Stockbridge Capital Group has sold a 48 percent stake in the firm to CITIC Capital Holdings Limited, a Hong Kong-based alternative investment management and advisory company, PERE has learned.
Prior to January 1, Stockbridge co-head and executive managing director Terrence Fancher had owned 100 percent of the firm. On January 1, Fancher sold 48 percent of the company to Gryphon, a CITIC subsidiary, according to a filing with the Securities and Exchange Commission. As part of the transaction, a Stockbridge board was appointed, consisting of Fancher as chairman; Kristin Renaudin, managing director at Stockbridge; Yichen Zhang, chairman and chief executive officer at CITIC; and Annie Fung, chief operating officer at CITIC.
Stockbridge made the filing in February but the ownership change was not previously reported. Financial terms of the deal were not disclosed.

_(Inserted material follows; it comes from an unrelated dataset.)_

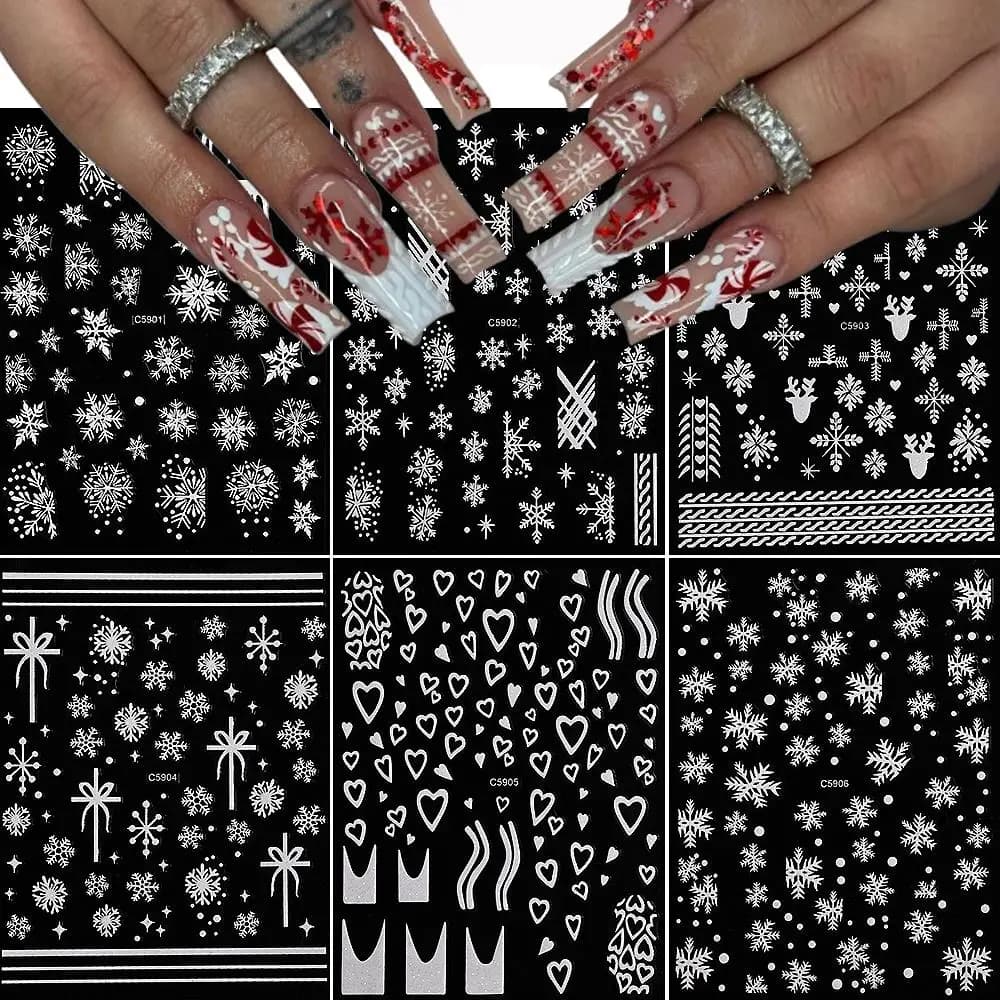 1/6 pezzi 3D fiocchi di neve bianchi adesivi per unghie di Natale alce neve cuore stella autoadesivo nail art decalcomania inverno Natale fai da te nail supplie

The corporate transaction follows a joint venture that CITIC formed with Stockbridge last year, investing capital in US real estate. Fancher was said to have been seeking and courting new equity sources for some time.

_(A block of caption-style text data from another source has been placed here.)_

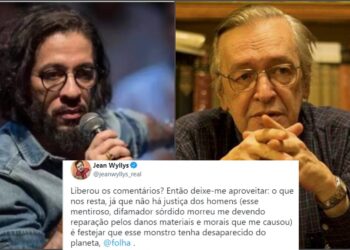Jean Willys encabeça lista de manifestações de ódio a Olavo de Carvalho, após morte por Covid-19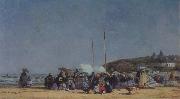 Eugene Boudin The Beach at Trouville Spain oil painting artist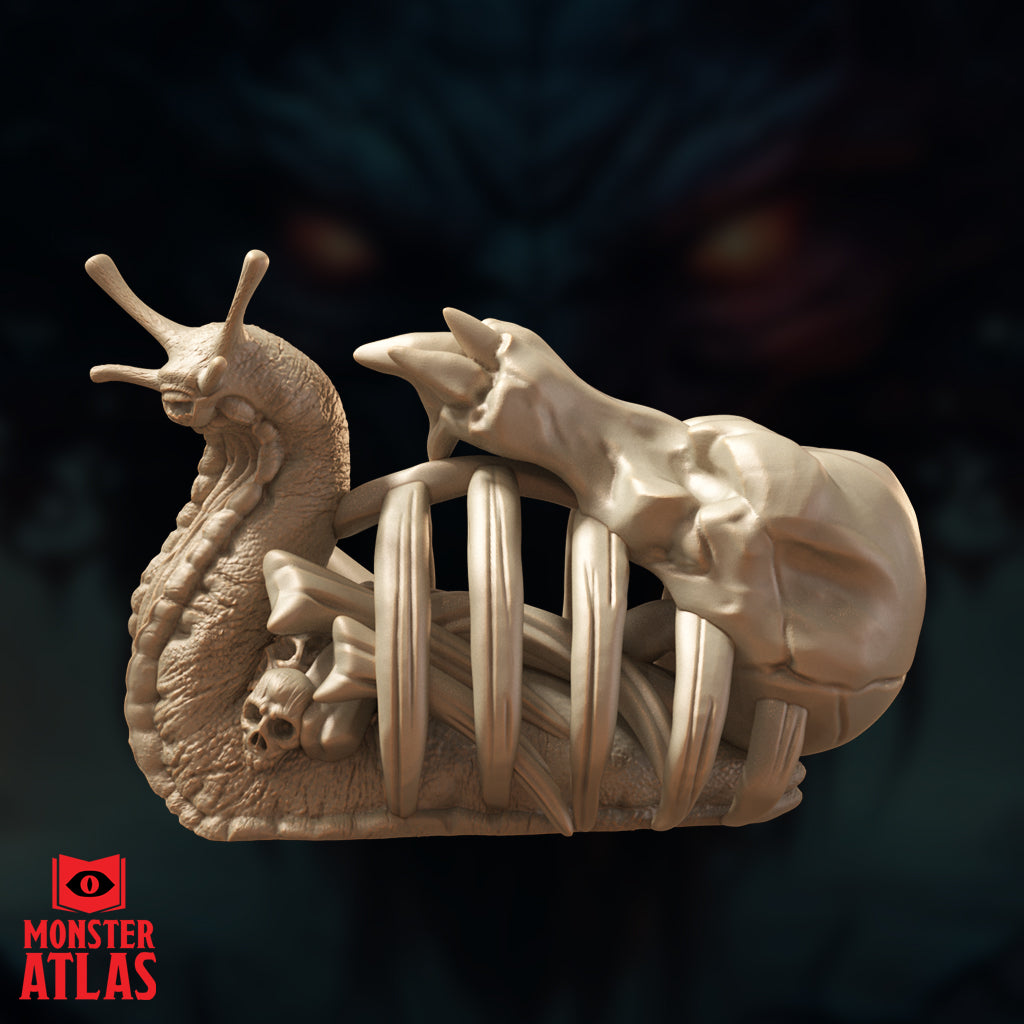 Digital render of the Bone Whelk miniature from Monster Atlas, shown in a side profile view. The ribcage shell is clearly visible with arching bone ribs, a skull and scattered bones within the cavity, and a skeletal creature draped over the top. The slug body and antennae are prominent. Unpainted tan render.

The firm’s portfolio includes core, value-added and opportunistic strategies. Founded in April 2003, Stockbridge had approximately $10.9 billion of assets under management as of December 30, spanning all major real estate property types and certain specialty property types throughout the US.
In 2010, Stockbridge and a number of managing directors spun out the firm’s core and value-add real estate businesses to form an affiliate known as Core and Value Advisors. CVA is 50 percent owned by eight managing directors that are dedicated to the core and value-add businesses, with Stockbridge and Fancher owning the remaining 49 percent and 1 percent, respectively. Through its investment in Stockbridge, CITIC now owns a less than 25 percent interest in CVA.
The opportunistic funds managed by Stockbridge include Stockbridge Real Estate Fund, which attracted $612 million in 2003; Stockbridge Real Estate Fund II, which netted $1 billion in 2005; and Stockbridge Real Estate Fund III, which came in at $909 million in 2007. All of the opportunistic funds are now fully invested or committed.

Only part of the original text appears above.